Where a line in the records below contains the string "memory", tally it; give only the final number.

----- INPUT MATERIAL -----

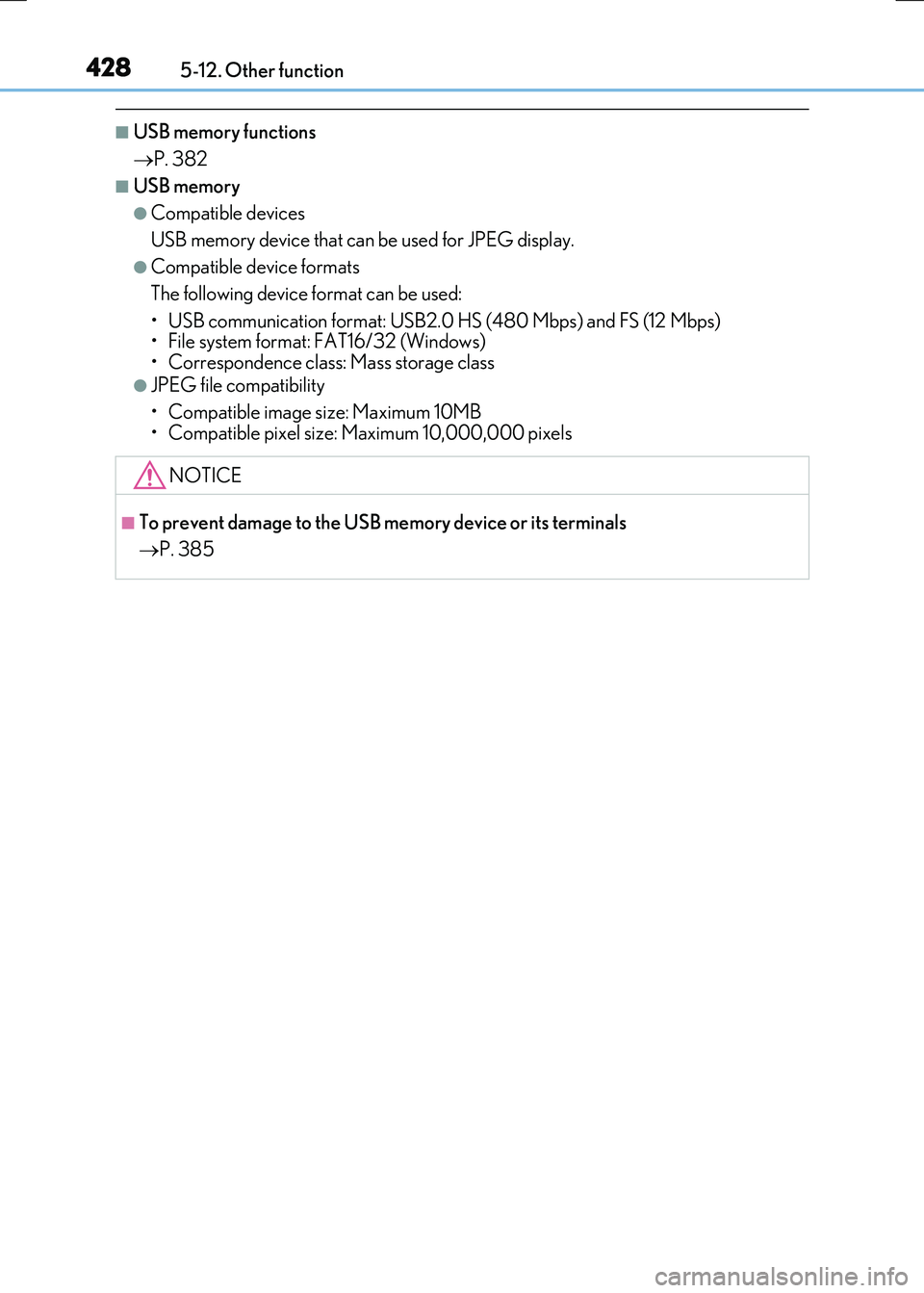 LEXUS RC300H 2017  Owners Manual 4285-12. Other function
RC300h_EE(OM24740E)
■USB memory functions 
 P. 382
■USB memory
●Compatible devices 
USB memory device that can be used for JPEG display.
●Compatible device formats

-----

SOLVED PROBLEM >>
3